Top of The input

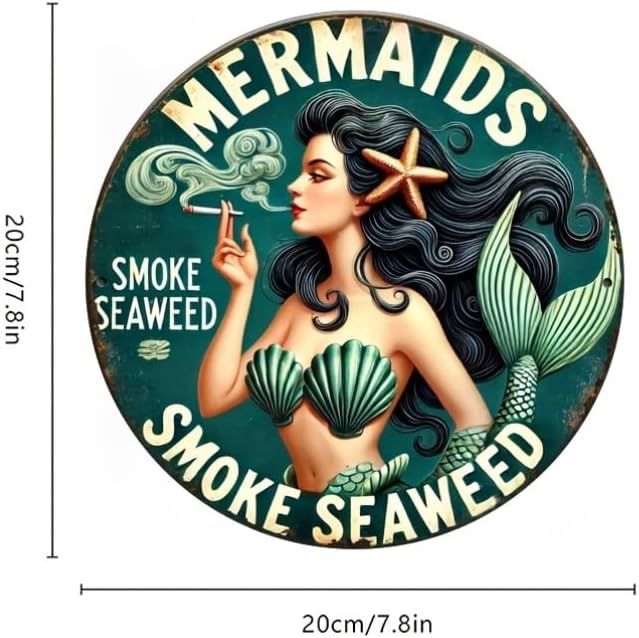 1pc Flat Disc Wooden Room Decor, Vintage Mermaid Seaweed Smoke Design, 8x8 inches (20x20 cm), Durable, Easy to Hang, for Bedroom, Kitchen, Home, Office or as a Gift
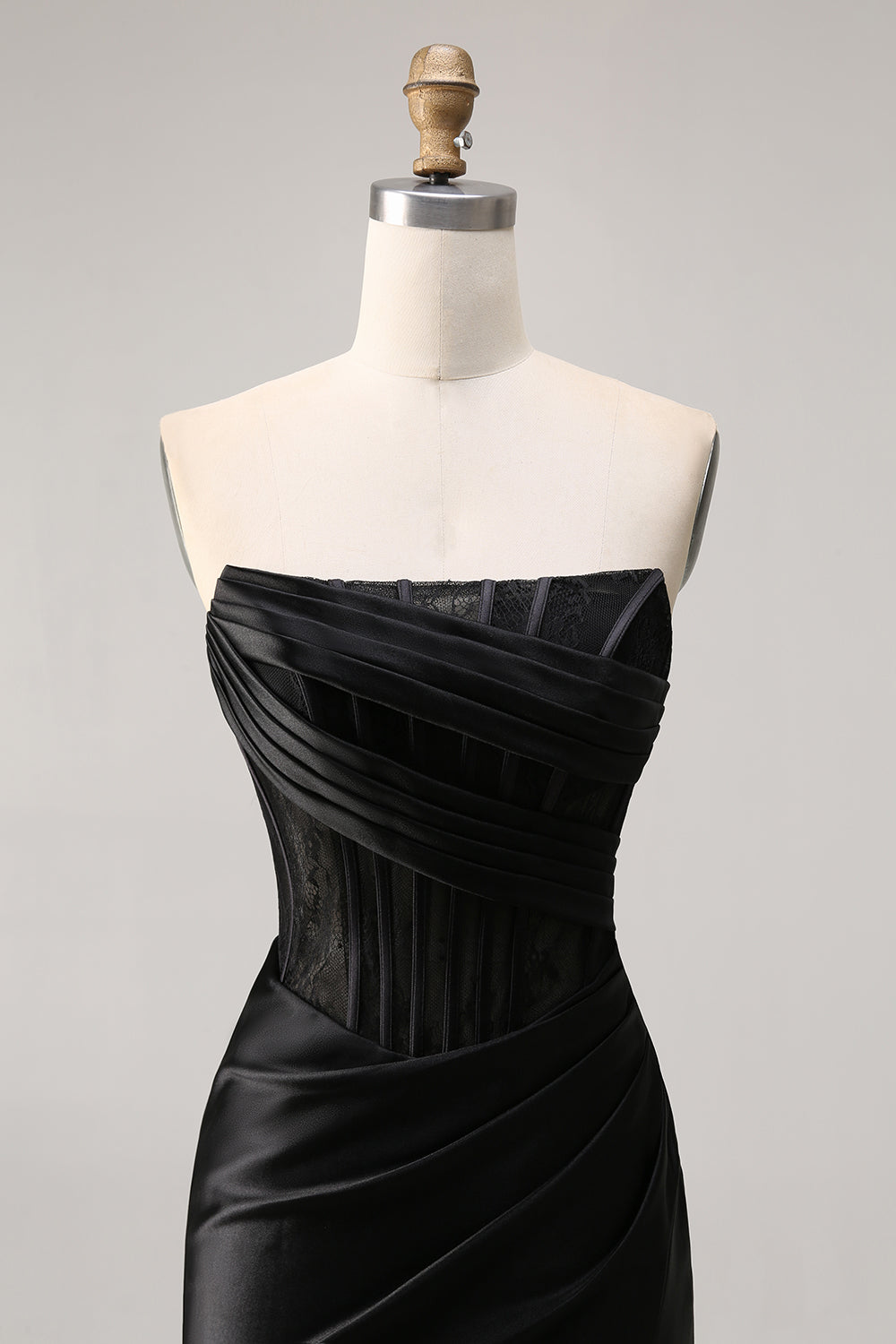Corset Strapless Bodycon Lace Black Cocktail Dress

Bottom of The input
Top of The input

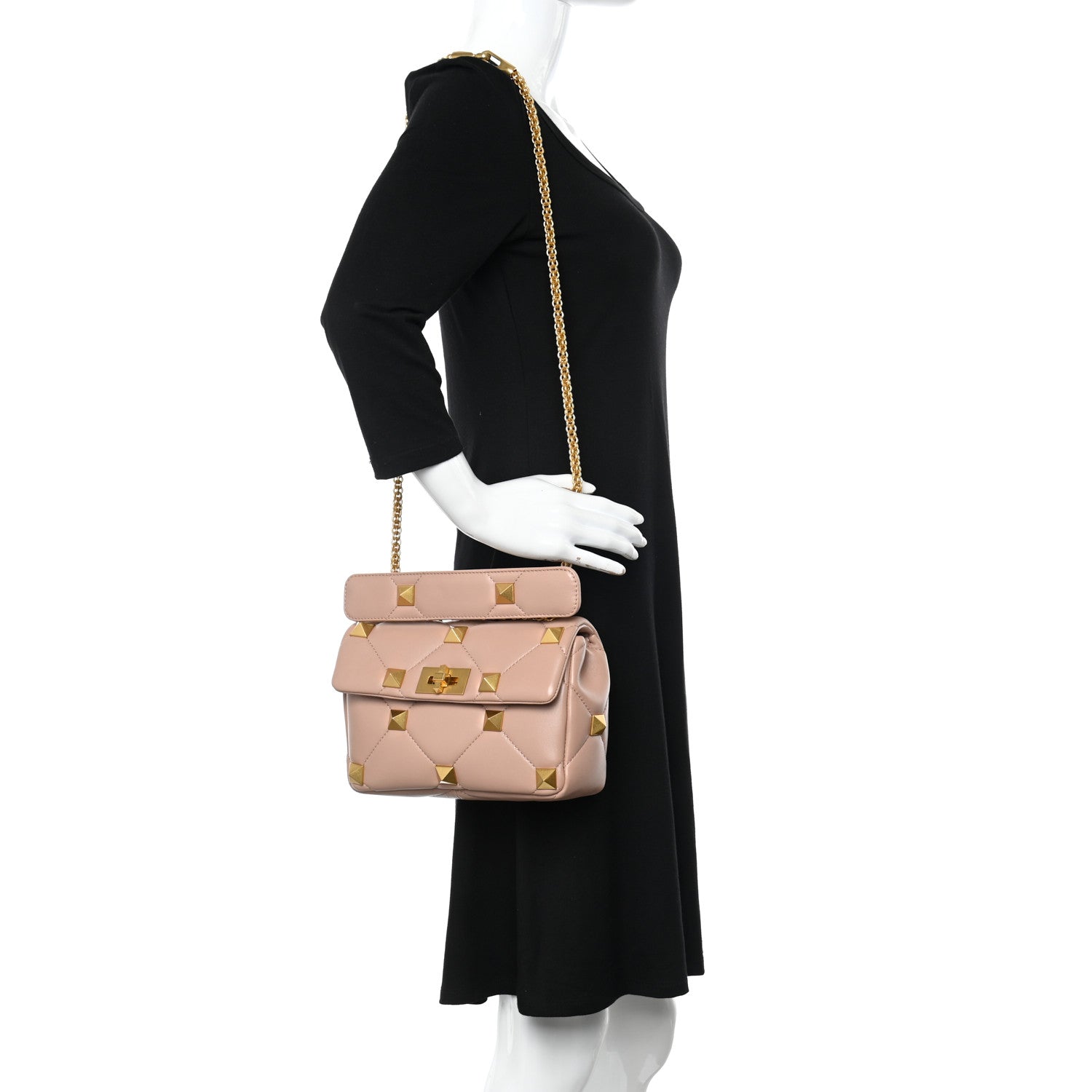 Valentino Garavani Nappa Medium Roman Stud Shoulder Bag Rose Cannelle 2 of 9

Bottom of The input
Top of The input

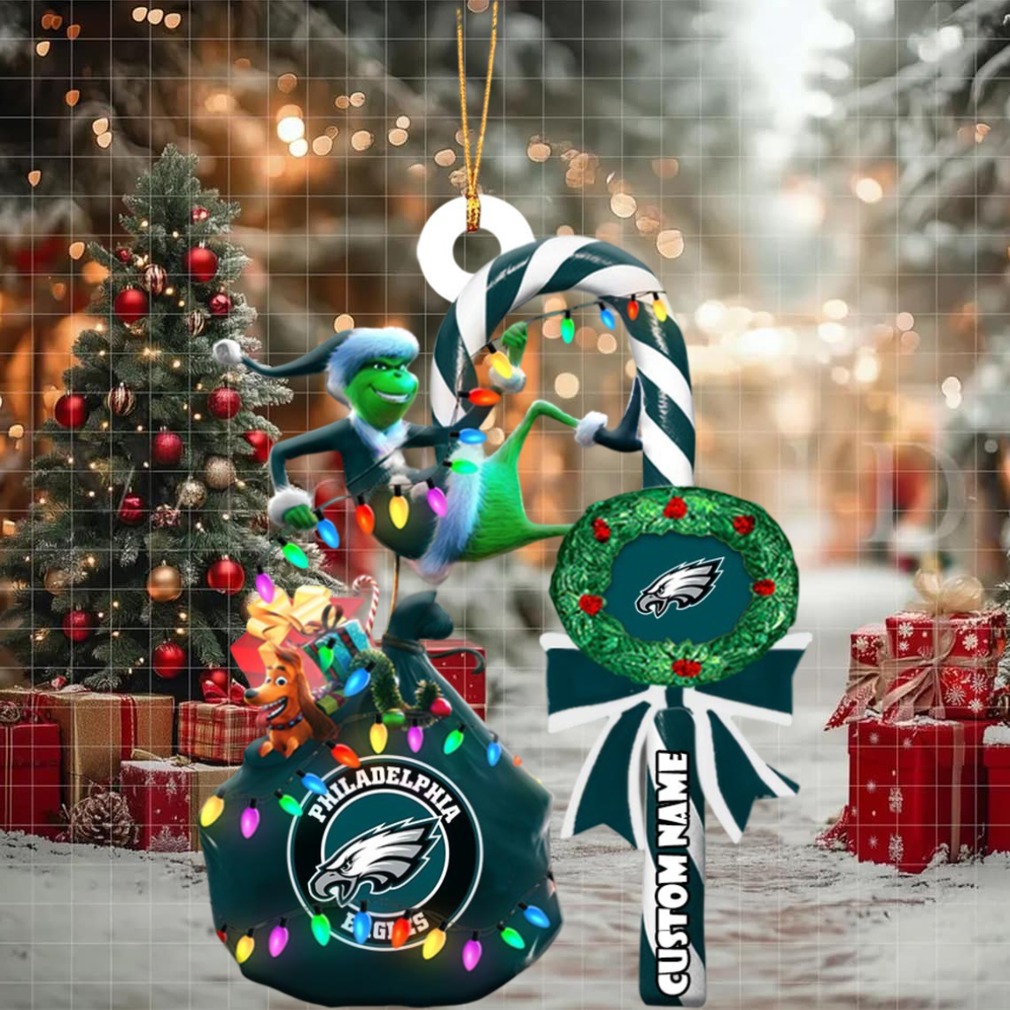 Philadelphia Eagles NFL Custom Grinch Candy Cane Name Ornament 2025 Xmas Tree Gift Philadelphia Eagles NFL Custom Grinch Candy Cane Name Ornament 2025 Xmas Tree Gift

Bottom of The input

Within the entries above, give again exactly the lines starting at the one that contains "1pc Flat Disc" and ending at the one that contains "Corset Strapless Bodycon", leaving out the pictures.

▶ [Response to the exercise]
 1pc Flat Disc Wooden Room Decor, Vintage Mermaid Seaweed Smoke Design, 8x8 inches (20x20 cm), Durable, Easy to Hang, for Bedroom, Kitchen, Home, Office or as a Gift
Corset Strapless Bodycon Lace Black Cocktail Dress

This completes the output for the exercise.